«В детстве и отрочестве, — писал ты одному из твоих сподвижников-пастырей, — я зачитывался житиями святых и восхищался их героизмом, их святым воодушевлением, жалел, что времена не те и не придется переживать то, что они переживали. Времена переменились, открывается возможность терпеть ради Христа от своих и чужих. Тяжело страдать, но по мере наших страданий избыточествует и утешение от Бога. Трудно переступить этот Рубикон, границу, и всецело предаться воле Божией. Когда это совершится, тогда человек избыточествует утешением, не чувствует самых тяжких страданий, полный среди страданий радости и внутреннего покоя, он других влечет на страдания, чтобы они переняли то состояние, в котором находится счастливый страдалец. Об этом я ранее говорил другим, но мои страдания не достигли полной меры. Теперь, кажется, пришлось пережить почти все: тюрьму, суд, общественное заплевание, обречение и требование самой смерти под якобы народные аплодисменты, людскую неблагодарность, продажность, непостоянство и т. п., беспокойство и ответственность за судьбы других людей и даже за самую Церковь.
Страдания достигли своего апогея, но увеличилось и утешение. Я радостен и покоен, как всегда. Христос — наша жизнь, свет и покой. С Ним всегда и везде хорошо. За судьбу Церкви Божией я не боюсь. Веры надо больше, больше ее надо иметь нам, пастырям. Забыть свою самонадеянность, ум, ученость и дать место благодати Божией.
Странны рассуждения некоторых, может быть, и верующих пастырей (разумею Платонова): надо хранить живые силы, т. е. их ради поступиться всем. Тогда Христос на что? Не Платоновы, Вениамины и т. п. спасают Церковь, а Христос. Та точка, на которую они пытаются встать, погибель для Церкви. Надо себя не жалеть для Церкви, а не Церковью жертвовать ради себя. Теперь время суда. Люди и ради политических убеждений жертвуют всем. Посмотрите, как держат себя эсеры и другие. Нам ли, христианам, да еще иереям, не проявить подобного мужества даже до смерти, если есть сколько-нибудь веры во Христа, в жизнь будущего века?!»

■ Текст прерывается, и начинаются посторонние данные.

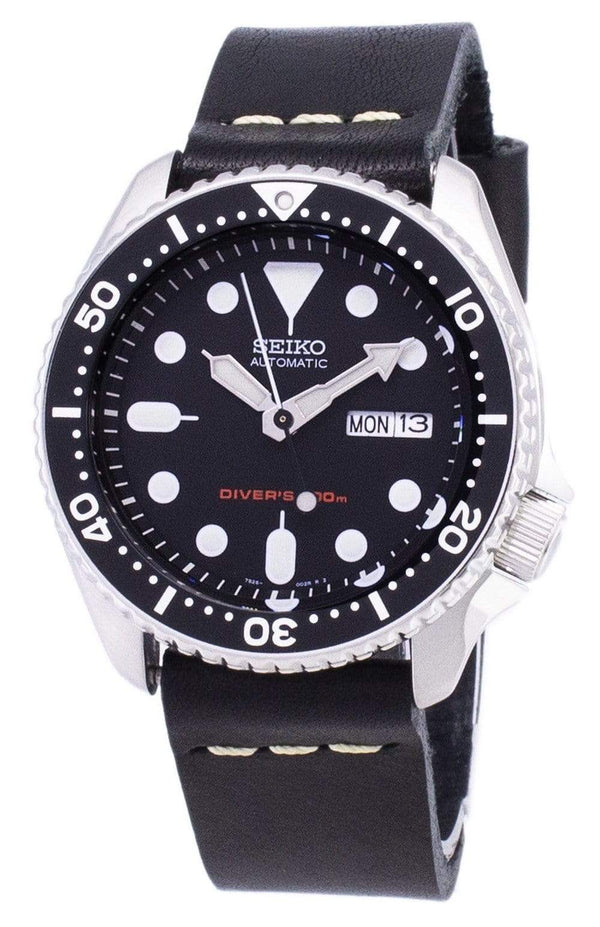 Branded Watches Seiko Automatic SKX007K1-LS14 Diver's 200M Black Leather Strap Men's Watch Seiko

Сколько возвышенной силы в этих кротких и смиренных словах, запечатленных твоею смертью!
Радостный, ты шел на крест, отвергнув последнее искушение «пожалеть себя для Церкви».
По завету Св. Апостолов ты не захотел высокомудрствовать о себе и предпочел душу свою положить за Церковь, вместо того, чтобы уклоняться в словеса лукавствия и ставить немощное человеческое выше силы и мудрости Божией.
И так как ты до конца прошел по стопам Подвигоположника, Он за верность и кротость освятил и возвеличил тебя, покорив под ноги твои самих врагов Церкви, вынужденных потом исповедовать перед людьми твои неповинные страдания и поклониться им.
Так исполнилось желание твоего сердца: ты обрел и жребий и венец страстотерпцев Христовых и смертно купил себе вечную жизнь.
Так же поступили и многие другие архиереи и священники Бога Вышнего, призванные пострадать за свидетельство, которое они имели (Отк VI, 9).
Когда начались дни огненного испытания для Церкви и Господь не восхотел принять от нас всесожжения и жертвы, они не стали советоваться с плотию и кровию, но, уразумевши Его волю, сами принесли себя в непорочное заколение (Евр X, 69). Вслед за Вечным Первосвященником и Ходатаем Нового Завета они вошли во святилище с своею кровию, да очистятся грехи людские (Евр IX, 12–15), ибо без пролития крови не бывает прощения (22). Среди искушений и мук эти истинные пастыри не оставили первую любовь свою (Отк II, 4), воспламенившую некогда их сердца желанием священства, и сохранили даже до последнего издыхания целым и невредимым залог, врученный им при рукоположении.
Славны ваши имена, мужественные страстотерпцы, которых ни жизнь, ни смерть, ни настоящее, ни грядущее, ни высота суетных отличий, ни глубина уничижения — ничто не могло отлучить от любви Божией во Христе Иисусе (Рим VIII, 38, 39).
Ваш пример показал воочию, что «можно убить, но не победить священника Божия, держащегося Евангелия и сохраняющего заповеди Божии», как вещает нам один из древних священномучеников.